Er wurde ab und zu wirklich so richtig brüllend, wenn er das tat, war gerade keiner in der Nähe vor unserer geschützten Bucht der Sitzplätze. Aber sicher hörte es jedermann in der ganzen Straße. Man hat es bestimmt auch in den Geschäften gehört - ab und zu flüsterte er wieder und brasselte Zeugs, das ich nicht verstand. So saßen wir da, während er nur bruchstückhaft irgendeinen Ansatz machte, von irgendwelchen Dingen bei sich zuhause faselte. Oder versuchte zu faseln. Ich konnte ihm nicht folgen. Es ging um einen Kühlschrank, und um Maler, und eine Katze, die wohl abgehauen war und irgendwie dann wieder auftauchte. Der Maler hatte wohl Angst vor der Katze.

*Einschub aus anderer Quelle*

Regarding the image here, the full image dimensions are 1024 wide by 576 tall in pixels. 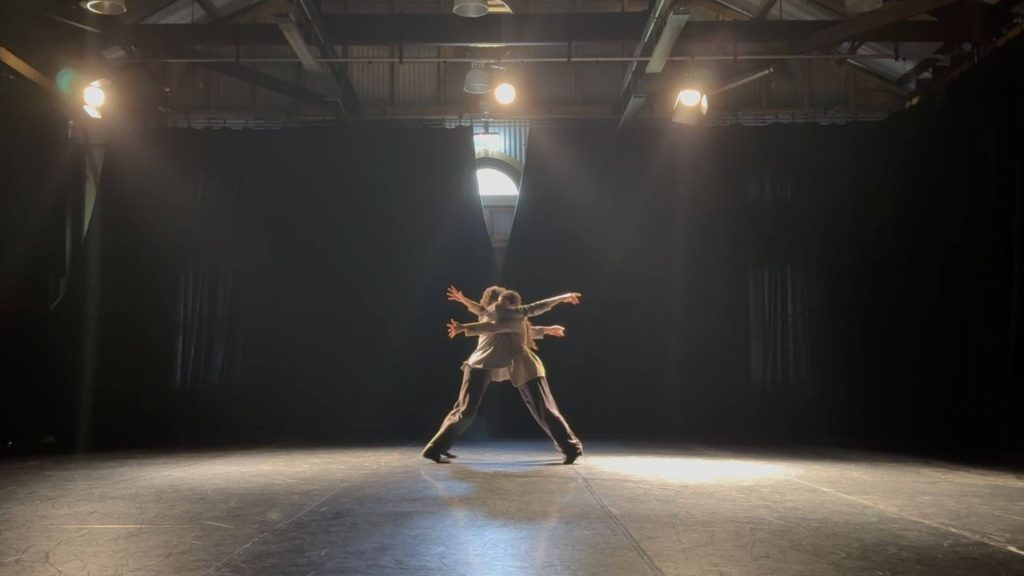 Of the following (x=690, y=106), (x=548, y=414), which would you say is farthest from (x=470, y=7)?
(x=690, y=106)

Er rauchte eine Zigarette nach der anderen. Und eigentlich wollte ich selbst doch auch gerne meine eigene Geschichte erzählen, von den Dingen, die ich heute erlebt hatte. Weil er nicht voran kam, mit seiner Geschichte, überlegte ich mir das einige Male, für meine Geschichte die richtigen Anfänge zu finden. Es führte alles nur noch mehr dazu, dass er das an seine eigene geschichte anknüpfen konnte.
Trotzdem, heute war ich zum ersten Mal schlauer als sonst, und vielleicht lag es an dem Impuls, den mir die Erfahrung des heutigen Tages und der letzten Tage gebracht hatte - ich sparte meine Energie und machte mir keine Mühe mehr, die Ereignisse zu ordnen, meiner Pläne zu erinnern, und versuchte auch nicht das Gespräch zu leiten.
Es war irgendein nebensächliches Thema,
das mich
nichts
angehen konnte, weil es mich langweilte, indem er immer wieder nur
dieselben Ansätze fand, ohne die Pointe zu offenbaren. Worum ging es
denn nun? Jetzt schien der Maler die Katze zu streicheln und dann gibt
es auch noch einen Nachbarn; ich glaube der Maler ist der Nachbar in
einer Person. Merkwürdig.
Bald hatte ich
mein Bier fast geleert und eine dumpfe Ahnung beschlich mich - obwohl
ich noch nie wegen öffentlichem Biertrinken belangt wurde, dachte ich
ab und zu daran, was geschehen könnte, wenn ich mit diesem lauten
Menschen zusammen erwischt werde. Jetzt gerade stöhnte er wie ein Kamel.
Nun, ich wollte weg.
"Ich muss noch einkaufen, da gibt es einen sozialen Einkaufsmarkt, kennst du bestimmt. Da kriegt man billig jede Menge Ware, man muss nur pünktlich da sein..."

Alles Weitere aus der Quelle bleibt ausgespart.